======== Available data

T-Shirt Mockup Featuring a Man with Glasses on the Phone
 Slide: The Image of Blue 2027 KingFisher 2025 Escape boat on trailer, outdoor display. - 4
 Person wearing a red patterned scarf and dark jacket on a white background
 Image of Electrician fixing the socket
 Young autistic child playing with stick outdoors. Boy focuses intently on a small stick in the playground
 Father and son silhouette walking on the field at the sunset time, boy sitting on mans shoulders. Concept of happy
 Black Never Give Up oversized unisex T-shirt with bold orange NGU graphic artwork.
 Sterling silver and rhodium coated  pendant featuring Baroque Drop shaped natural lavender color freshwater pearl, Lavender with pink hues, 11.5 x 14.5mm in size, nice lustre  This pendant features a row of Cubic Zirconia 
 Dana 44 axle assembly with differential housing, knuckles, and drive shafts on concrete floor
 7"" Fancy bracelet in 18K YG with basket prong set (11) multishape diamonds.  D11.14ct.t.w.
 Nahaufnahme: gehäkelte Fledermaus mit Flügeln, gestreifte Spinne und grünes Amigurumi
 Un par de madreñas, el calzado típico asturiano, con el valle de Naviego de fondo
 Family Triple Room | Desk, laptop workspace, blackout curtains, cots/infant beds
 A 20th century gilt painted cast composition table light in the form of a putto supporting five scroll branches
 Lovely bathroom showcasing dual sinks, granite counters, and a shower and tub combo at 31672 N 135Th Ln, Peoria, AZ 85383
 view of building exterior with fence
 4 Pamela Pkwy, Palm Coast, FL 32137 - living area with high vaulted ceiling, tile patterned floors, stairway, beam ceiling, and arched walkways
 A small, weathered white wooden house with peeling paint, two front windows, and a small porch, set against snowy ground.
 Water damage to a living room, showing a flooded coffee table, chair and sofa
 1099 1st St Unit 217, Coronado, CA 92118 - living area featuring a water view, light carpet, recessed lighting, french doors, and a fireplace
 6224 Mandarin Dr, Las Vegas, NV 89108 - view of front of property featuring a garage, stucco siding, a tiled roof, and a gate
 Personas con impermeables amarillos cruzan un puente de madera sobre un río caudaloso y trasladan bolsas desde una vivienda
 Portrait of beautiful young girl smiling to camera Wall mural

================

This exercise calls for repeating every line of the data exactly.

**Your response**
T-Shirt Mockup Featuring a Man with Glasses on the Phone
 Slide: The Image of Blue 2027 KingFisher 2025 Escape boat on trailer, outdoor display. - 4
 Person wearing a red patterned scarf and dark jacket on a white background
 Image of Electrician fixing the socket
 Young autistic child playing with stick outdoors. Boy focuses intently on a small stick in the playground
 Father and son silhouette walking on the field at the sunset time, boy sitting on mans shoulders. Concept of happy
 Black Never Give Up oversized unisex T-shirt with bold orange NGU graphic artwork.
 Sterling silver and rhodium coated  pendant featuring Baroque Drop shaped natural lavender color freshwater pearl, Lavender with pink hues, 11.5 x 14.5mm in size, nice lustre  This pendant features a row of Cubic Zirconia 
 Dana 44 axle assembly with differential housing, knuckles, and drive shafts on concrete floor
 7"" Fancy bracelet in 18K YG with basket prong set (11) multishape diamonds.  D11.14ct.t.w.
 Nahaufnahme: gehäkelte Fledermaus mit Flügeln, gestreifte Spinne und grünes Amigurumi
 Un par de madreñas, el calzado típico asturiano, con el valle de Naviego de fondo
 Family Triple Room | Desk, laptop workspace, blackout curtains, cots/infant beds
 A 20th century gilt painted cast composition table light in the form of a putto supporting five scroll branches
 Lovely bathroom showcasing dual sinks, granite counters, and a shower and tub combo at 31672 N 135Th Ln, Peoria, AZ 85383
 view of building exterior with fence
 4 Pamela Pkwy, Palm Coast, FL 32137 - living area with high vaulted ceiling, tile patterned floors, stairway, beam ceiling, and arched walkways
 A small, weathered white wooden house with peeling paint, two front windows, and a small porch, set against snowy ground.
 Water damage to a living room, showing a flooded coffee table, chair and sofa
 1099 1st St Unit 217, Coronado, CA 92118 - living area featuring a water view, light carpet, recessed lighting, french doors, and a fireplace
 6224 Mandarin Dr, Las Vegas, NV 89108 - view of front of property featuring a garage, stucco siding, a tiled roof, and a gate
 Personas con impermeables amarillos cruzan un puente de madera sobre un río caudaloso y trasladan bolsas desde una vivienda
 Portrait of beautiful young girl smiling to camera Wall mural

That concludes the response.